Surya mengatakan jumlah DMO batu bara di kuartal I 2024 mencapai 16 juta ton. Namun, DMO batu bara di periode yang sama tahun ini jumlahnya hampir 12 juta ton.
“Jadi sebenarnya juga turun untuk konsumsi DMO. Artinya sebenarnya mesin-mesin produksi di masing-masing negara ini memang lagi posisinya masih belum kencang lah pergerakannya itu,” ucapnya.
Penetapan HBA
Menteri Energi dan Sumber Daya Mineral Bahlil Lahadalia sebelumnya berencana membatasi ekspor batu bara pada tahun ini. Langkah tersebut akan diikuti dengan kewajiban penggunaan harga lokal di pasar global.

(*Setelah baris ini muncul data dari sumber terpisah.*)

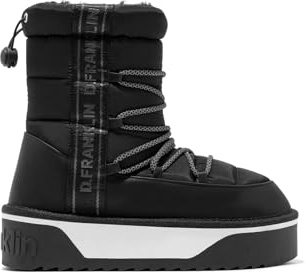 D.Franklin Botas de Mujer con Forro Interior de Pelo Nordic V.2 Bomb en Negro - Botas para Mujer - Moda casual - Talla (41) - Modelo bomb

"Harga batu bara lokal dalam ICI (Indonesia Coal Price Index) lebih rendah dari HBA (harga batu bara acuan). Karena itu, kami sedang mempertimbangkaan membuat keputusan Menteri ESDM agar acuan batu bara lokal di pasar ekspor adalah HBA," kata Bahlil di kantornya, Jakarta, Senin (3/2).

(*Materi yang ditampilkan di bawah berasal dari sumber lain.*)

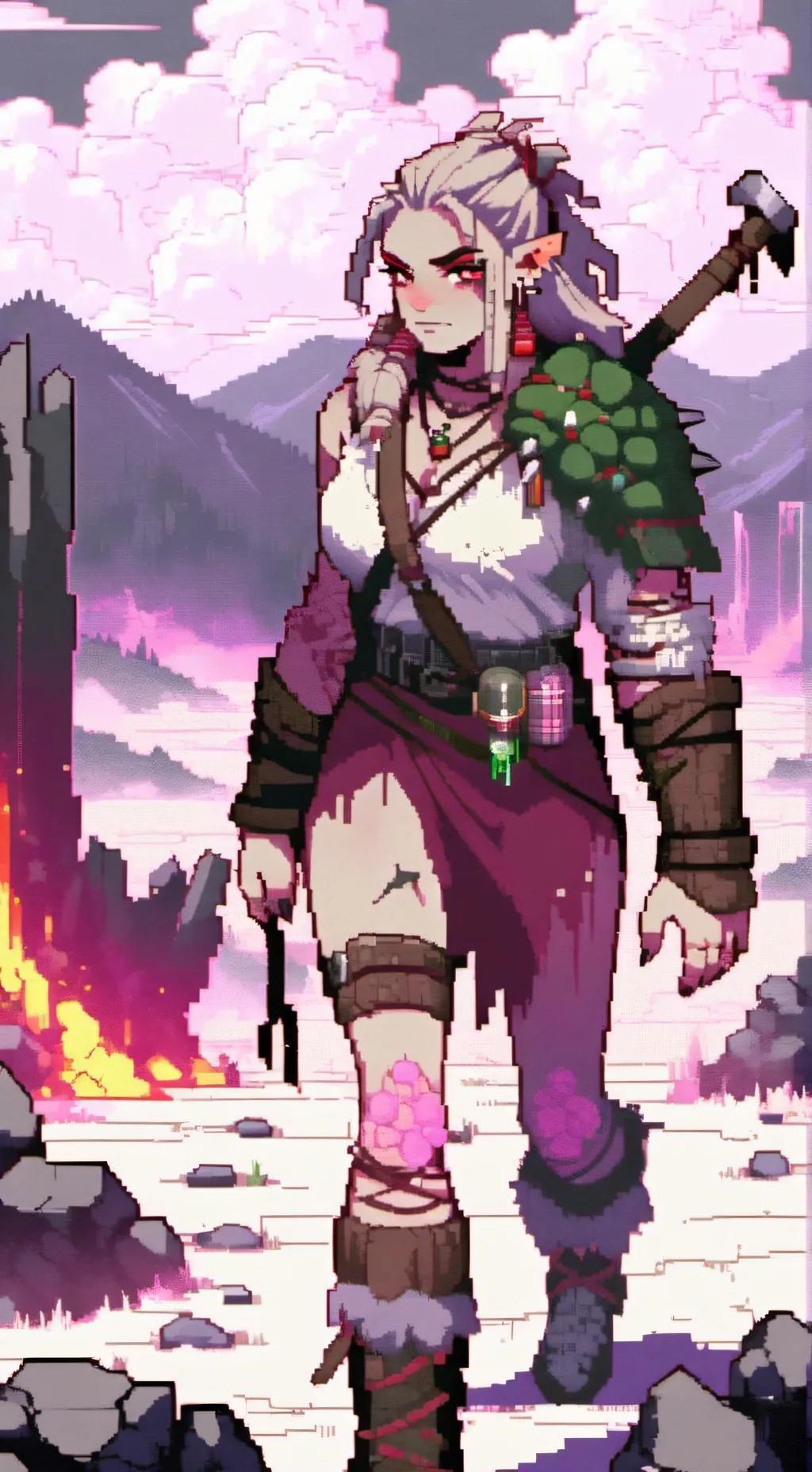 ai character: feryone background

Pemerintah akan mengeluarkan sanksi bagi pihak yang tidak menaati HBA, seperti pencabutan izin ekspor. Langkah ini, menurut dia, penting agar Indonesia memiliki kedaulatan dalam menentukan harga komoditas itu.
Setiap bulan, Kementerian ESDM menerbitkan HBA untuk menetapkan harga penjualan batu bara sesuai dengan spesifikasinya. Untuk ICI, angkanya dikeluarkan oleh PT Coalindo Energy dan Argus Media, asal Inggris.
Selama ini, Bahlil melihat, rendahnya harga batu bara lokal di pasar ekspor membuat Penerimaan Negara Bukan Pajak (PNBP) sektor minerba susut. Walau demikian, sektor ini tetap menjadi kontributor utama PNBP sektor ESDM. Pada 2024 angkanya mencapai Rp 269,6 triliun atau 52,11% dari total realisasi PNBP ESDM.
Pada saat yang sama, Bahlil berencana untuk membatasi izin ekspor batu bara pada tahun ini. Langkah ini demi menjaga harga internasional tetap stabil. Dalam catatannya, volume ekspor batu bara sepanjang tahun lalu mencapai 555 juta ton. Angka tersebut setara dengan 30% sampai 35% dari total pasar batubara internasional yang mencapai 1,23 miliar sampai 1,5 miliar ton.
"Jadi, batu bara asal Indonesia dapat berdampak sistemik, masif, dan terstruktur ke pasar global kalau ada kebijakan pengetatan ekspor. Kalau harganya ditekan terus, tidak menutup kemungkinan kami akan lakukan pengetatan ekspor batubara," katanya.